Gereja Kristen Injili Di Tanah Papua adalah Gereja yang Injili dan Oikumenis sejak dulu (1956) sampai sekarang dan bahkan waktu yang akan datang, selagi Allah berkenan. Ia akan tetap menjadi Gereja yang Injili dan Oikumenis!. Selaras berkembangannya peradaban manusia yang semakin maju pesat di segala bidang hidup, pluralitas sosial, etnis dan budaya senantiasa mewarnai eksistensi hidup GKI Di Tanah Papua. Pulau di ujung timur Indonesia ini pun mengundang kemajemukan agama pada satu pihak dan kekristenan di pihak lain, dengan berbagai panorama dogmanya.
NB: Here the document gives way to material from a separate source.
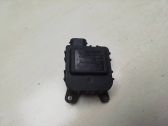Air flap motor/actuator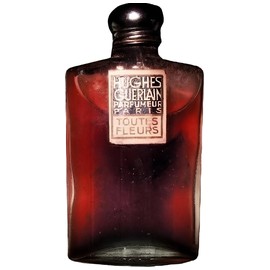 perfume Toutes Fleurs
GKI Di Tanah Papua merupakan Gereja tertua yang tetap mengembang tugas panggilannya, bersekutu, bersaksi dan melayani, baik secara internal dan eksternal sebagai bukti identitasnya yang Injili dan Oikumenis.
Medan pelayanan GKI Di Tanah Papua begitu luas dan sulit, yang meliputi daerah pesisir pantai utara, pantai selatan, ujung barat kepala burung, ujung timur yang berbatasan dengan PNG dan daerah-daerah pegunungan menjadi panggung penginjilan, baik di waktu yang lalu maupun di waktu sekarang ini. Daerah-daerah suku terasing, daerah-daerah terpencil, pinggiran kota dan daerah perkotaan dijadikannya sebagai basis penginjilan prioritas. Gereja ini tidak pernah tinggal diam dan berlipattangan terhadap penginjilan di atas tanahnya, melainkan ia ekstra aktif dalam menciptakan program-program, rencana-rencana strategis dan langkah-langkah penggalangan dana bagi kerja penginjilan. Hal ini memberi warna kuat bahwa GKI Di Tanah Papua adalah yang Injili untuk menginjili.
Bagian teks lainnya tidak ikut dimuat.